[DATA EXTRACT]
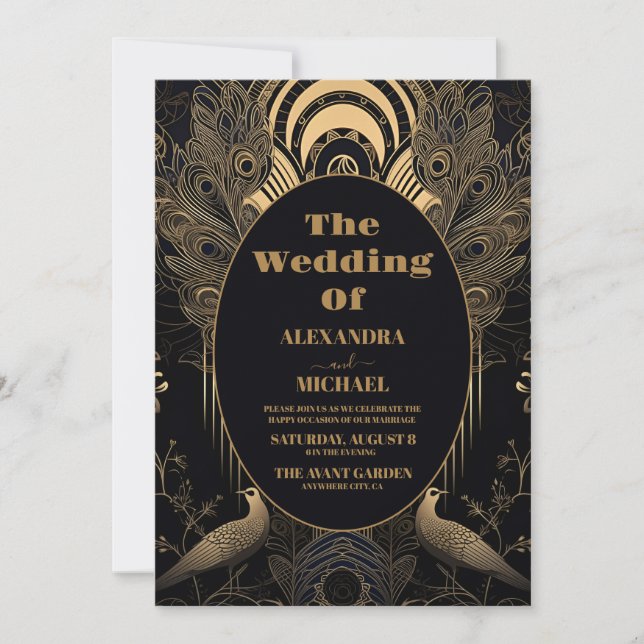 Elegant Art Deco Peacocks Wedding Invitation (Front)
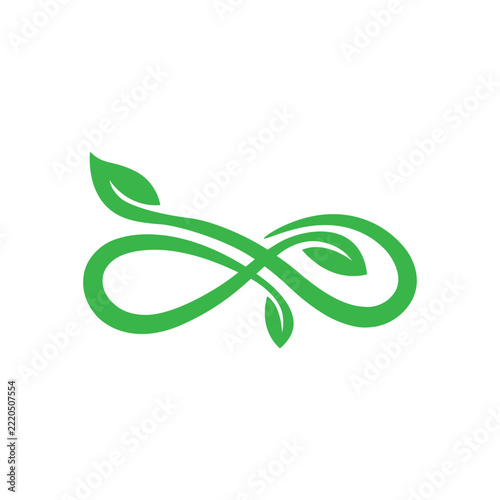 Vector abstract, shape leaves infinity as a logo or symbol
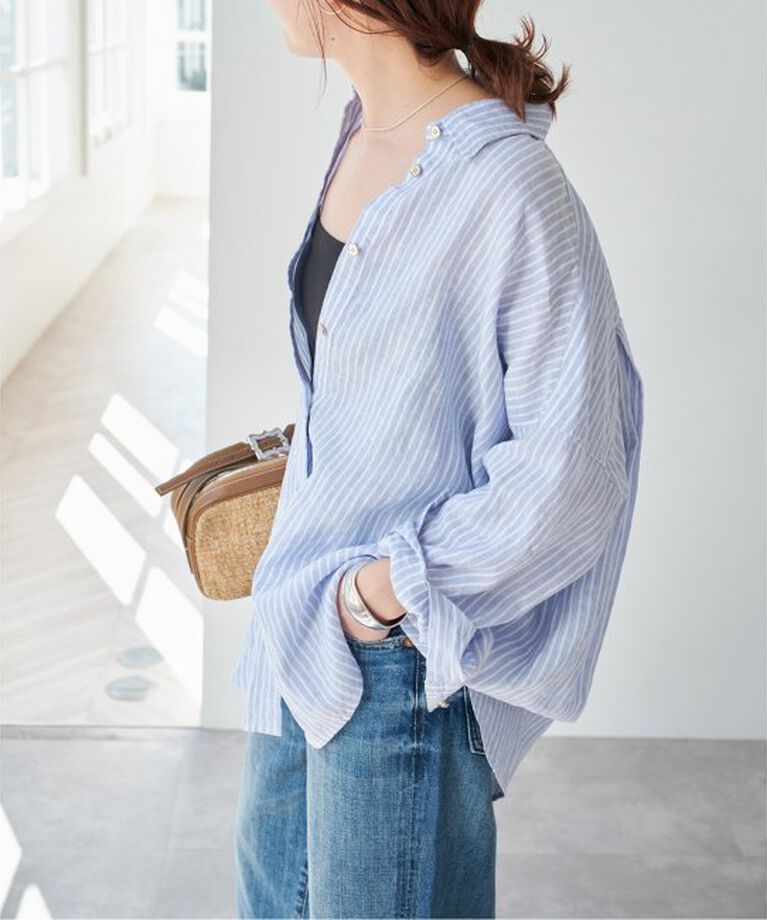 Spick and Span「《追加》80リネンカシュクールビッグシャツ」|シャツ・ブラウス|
[/DATA EXTRACT]
TASK BRIEF: Return to the listing above and set it down exactly, leaving out its pictures.

RESPONSE AREA:
 Elegant Art Deco Peacocks Wedding Invitation (Front)
 Vector abstract, shape leaves infinity as a logo or symbol
 Spick and Span「《追加》80リネンカシュクールビッグシャツ」|シャツ・ブラウス|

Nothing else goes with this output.